→ **Exercise**: Exact copy, pictures excluded: please retype every record below.

━━━ Extracted information ━━━

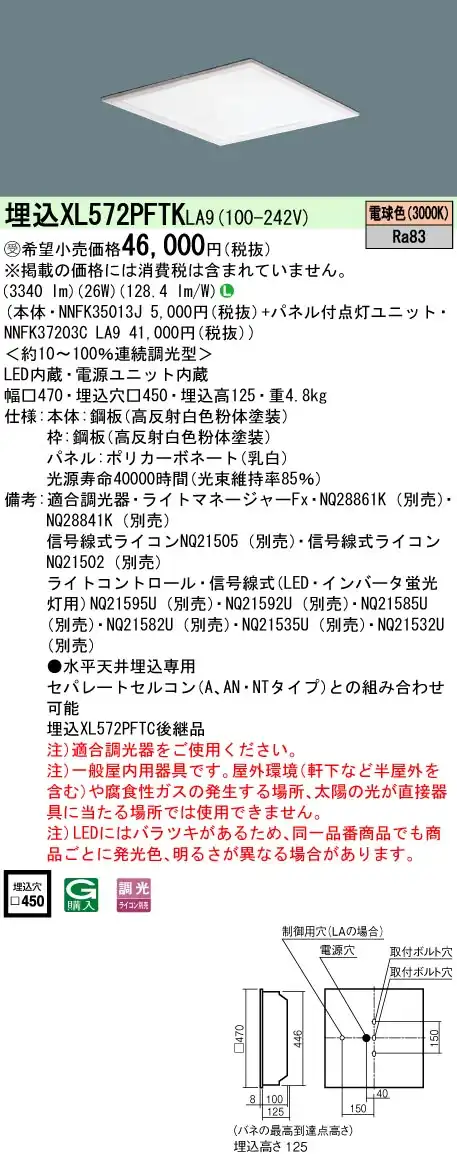 XL572PFTKLA9 ベースライト スクエアシリーズ 埋込型□450 乳白パネル 調光 電球色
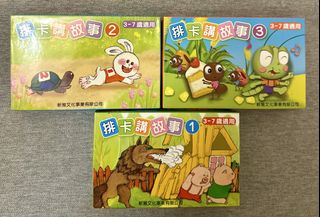 （分類：）位於 。 由 helloobe 提交（商品編號 1451084077，圖片 1）。簡介： 。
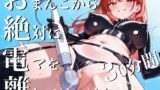 RJ01382582 img main 160x90 - おまんこから絶対に電マを離してはいけない30分間~SM女王様からの挑戦状私と一緒に30分間シコシコし続けなさい！~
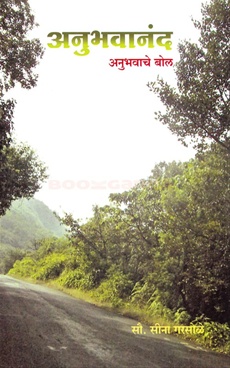 Anubhavanand - अनुभवानंद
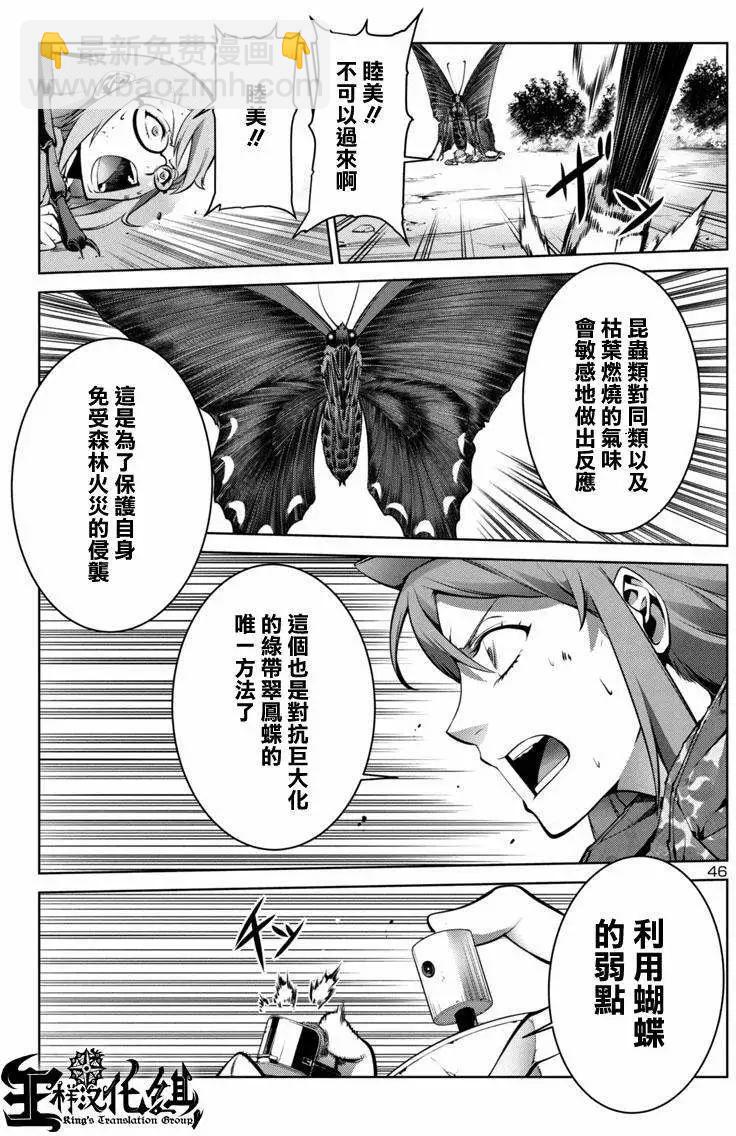 巨蟲列島 - 第01回(1/2) - 5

━━━

→ **The answer**:
 XL572PFTKLA9 ベースライト スクエアシリーズ 埋込型□450 乳白パネル 調光 電球色
 （分類：）位於 。 由 helloobe 提交（商品編號 1451084077，圖片 1）。簡介： 。
 RJ01382582 img main 160x90 - おまんこから絶対に電マを離してはいけない30分間~SM女王様からの挑戦状私と一緒に30分間シコシコし続けなさい！~
 Anubhavanand - अनुभवानंद
 巨蟲列島 - 第01回(1/2) - 5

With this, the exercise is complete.